*** Opening of MATERIAL SUPPLIED ***

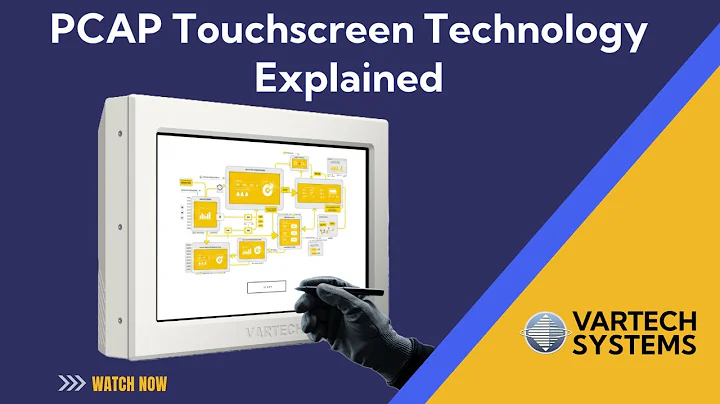 PCAP Touchscreen Technology Explained | Projective Capacitive Touch | by VarTech Systems, Inc.
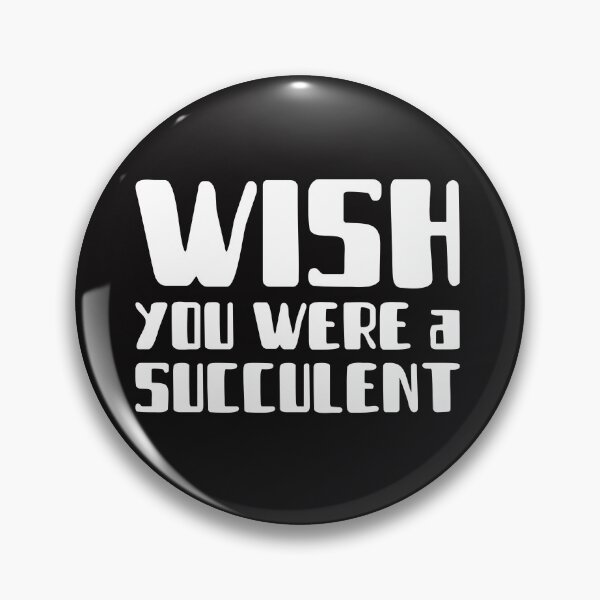 Item preview, Wish you were a Succulent designed and sold by AscendMerch.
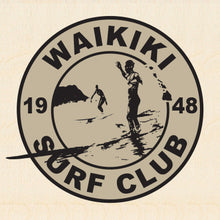 Load image into Gallery viewer, WAIKIKI ~ 1948 SURF CLUB ~ WAIKIKI SOUL SURFER ~ 1:1
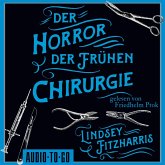 Der Horror der frühen Chirurgie (MP3-Download)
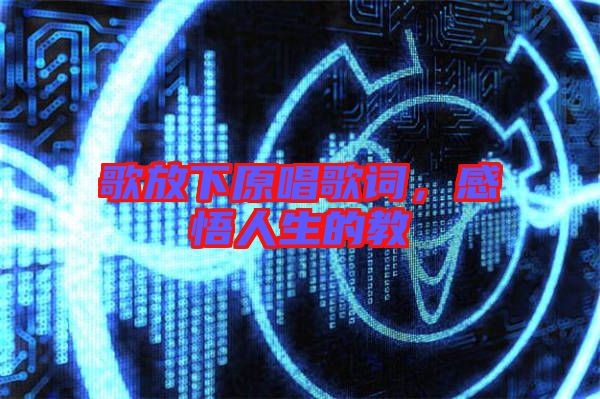 歌放下原唱歌詞，感悟人生的教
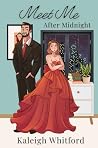 Meet Me After Midnight: A Sweet Romance Fairytale Reimagining (Manhattan After Midnight Book 1) Meet Me After Midnight: A Sweet Romance Fairytale Reimagining (Manhattan After Midnight Book 1)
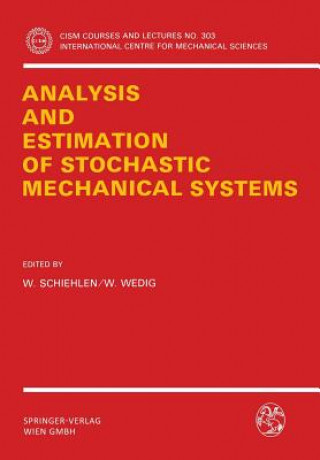 Buch Analysis and Estimation of Stochastic Mechanical Systems Werner Schiehlen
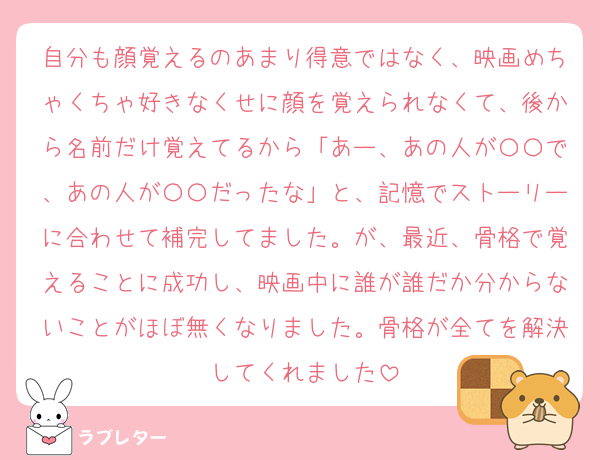 自分も顔覚えるのあまり得意ではなく、映画めちゃくちゃ好きなくせに顔を覚えられなくて、後から名前だけ覚えてるから「あー、あの人が〇〇で、あの人が〇〇だったな」と、記憶でストーリーに合わせて補完してました。が、最近、骨格で覚えることに成功し、映画中に誰が誰だか分からないことがほぼ無くなりました。骨格が全てを解決してくれました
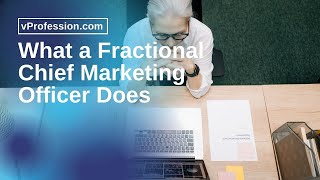What a Fractional Chief Marketing Officer Does: Virtual CMO Responsibilities and Qualifications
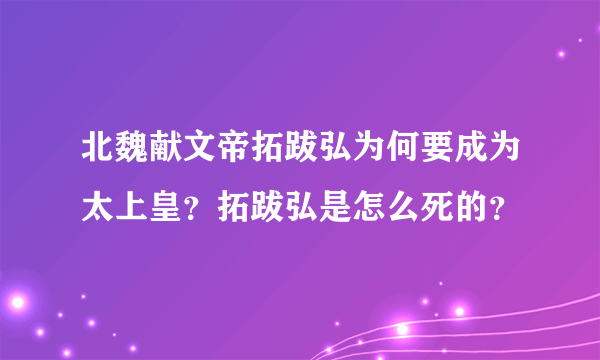 北魏献文帝拓跋弘为何要成为太上皇？拓跋弘是怎么死的？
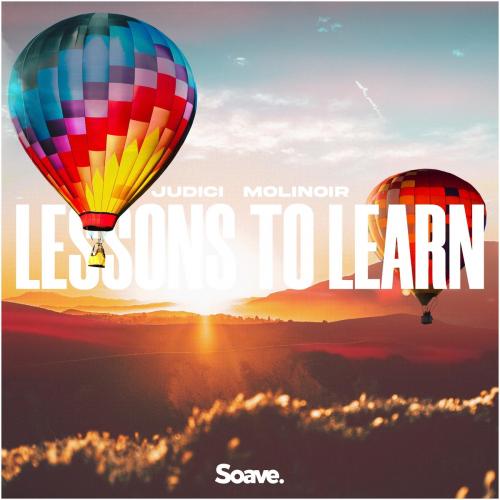 Lessons To Learn - JUDICI feat. Molinoir
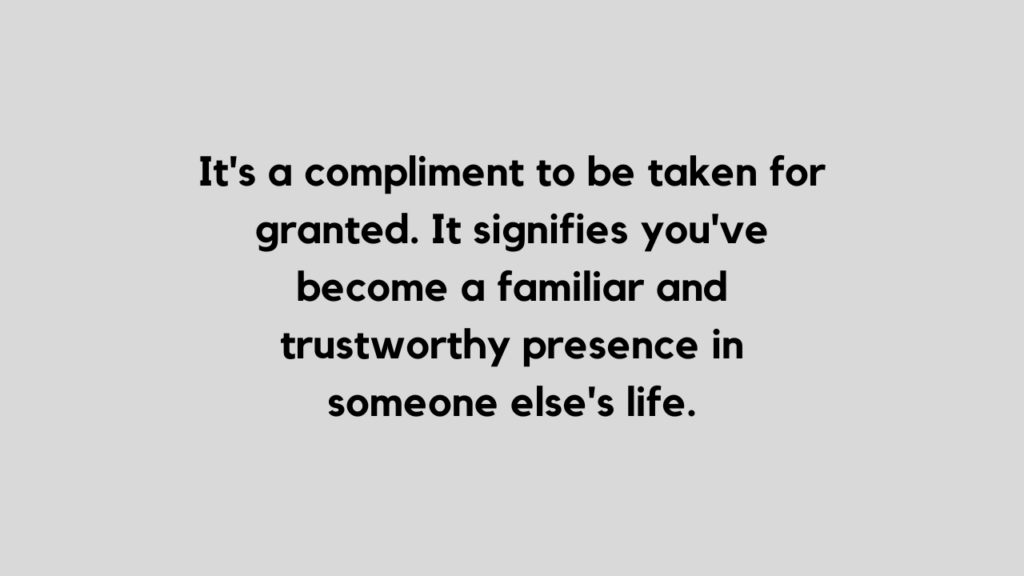 taken for granted quote and caption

*** Close of MATERIAL SUPPLIED ***

*TASK PROMPT*:
What is needed is an exact transcription of the lines from the one holding "北魏献文帝拓跋弘为何要成为太上皇？拓跋弘是怎么死的？" to the end of the data, with every picture left out.

*ANSWER AREA*:
 北魏献文帝拓跋弘为何要成为太上皇？拓跋弘是怎么死的？
 Lessons To Learn - JUDICI feat. Molinoir
 taken for granted quote and caption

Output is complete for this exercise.